ENST 390 Students Present on Community Challenges and Sustainable Solutions


Junior Isabella Vendramin presents her work for ENST 390 class, whose projects focused on community challenges and sustainable solutions on April 26.

Four groups of students in the Environmental Studies (ENST) 390 course presented their final projects to an audience of Colgate students, faculty, Hamilton Village members and Oneida Nation school students on Friday, April 26 in Persson Auditorium.

The ENST 390 course is an interactive course in which six groups of students pick a project relating to an environmental issue in the local community and attempt to come up with a framework of solutions by working with organizations such as the Office of Sustainability, Colgate administrators, town members, town leaders and their classmates.

The student groups had to select a project involving the local community and the environment that would be approved by a panel of faculty prior to beginning their research.

The course aims to provide an outlook as to what careers in sustainability and environmental fields are like, as well as to give students the experience of working with different environmental agencies and independently using local resources.

The first two presentation groups focused on environmental resilience efforts in the village of Hamilton, analyzing the potential effects climate change will have on the local community.

The third presentation group also focused on environmental resiliency efforts, but concentrated specifically on the Colgate campus.

The final presentation group researched the detrimental effects that paper towels have on the Colgate community, recommend- ing that hand driers and hand sanitizer stations be installed, particularly in the library, to save waste and potentially $100,000 over a ten-year period.

All four of the groups strived to incorporate the pillars of sustainability into their presentations, targeting each specific pillar—social, environmental and economic—in their respective projects.

Many students in the course attended the Hamilton Climate Resiliency Workshop hosted at the Colgate Inn on March 30 to kickstart their research and gain a foundational understanding of Hamilton’s sustainability efforts.
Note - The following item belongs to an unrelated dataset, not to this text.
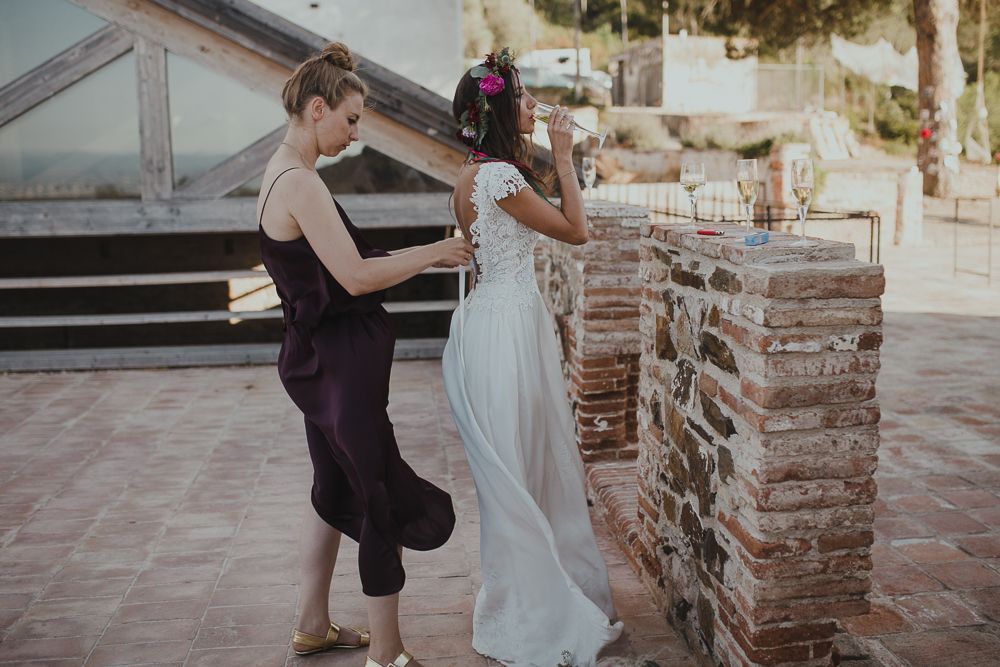 Wedding preparations take place outdoors as someone helps adjust a flowing white dress by a stone pillar in warm sunlight.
The individual groups then identified major issues affecting their topics of choice, and outlined an analytical framework to attempt to solve each issue.
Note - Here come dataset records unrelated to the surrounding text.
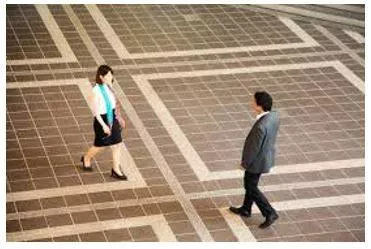 Hovering - To stand somewhere, especially near another person, eagerly or nervously waiting for their attention.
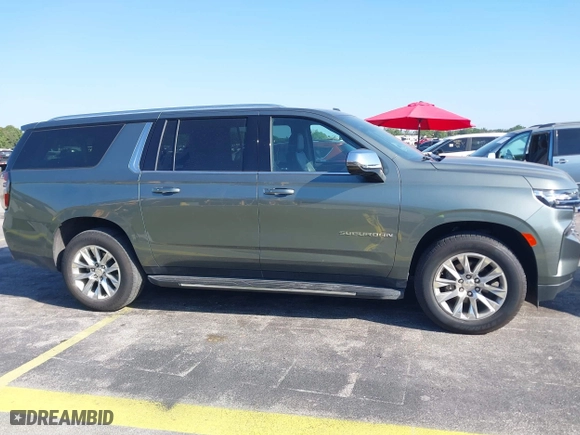 2023 Chevrolet Suburban Premier with VIN 1GNSCFKD4PR378869, listed as a IAAI auction lot 41802386 with 58,569 mi miles. Bid and sale history available at carsss.com. Image 13.
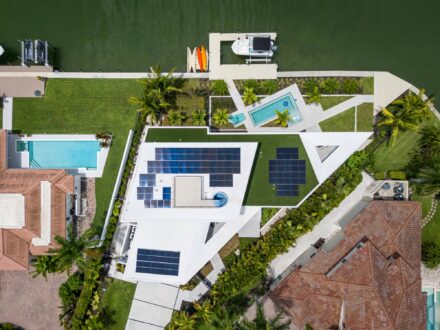 overhead drone image of unique architectural Bird Key home with solar panels on Sarasota Bay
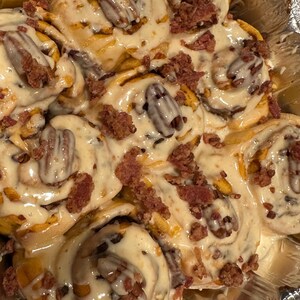 Könnte beinhalten: Nahaufnahme einer Pfanne mit Kürbis-Zimtschnecken, die mit cremigem weißem Zuckerguss, gehackten Pekannüssen und knusprigen Speckwürfeln belegt sind.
Each group concluded their presentations with recommendations of solutions, spanning from the implementation of more sustainable agricultural techniques to bulking up emergency response systems and becoming a Climate Smart Community.

Each group involved with members of the Hamilton community.

Many audience members praised the dedication and research the students did to provide a step-by-step plan to improve specific issues.

Hamilton Mayor RuthAnn Loveless discussed the importance of the students’ work and said it was helpful in enacting the initiatives of town members.

“I am so grateful for the guidance and the support that Colgate provides for us in this process of becoming a Climate Smart Community,” Loveless said. “We have limited staff, they’re hardworking, they’re overworked and the kind of direction as well as actual work that students and professors have done over the past year, have been immeasurable for us.”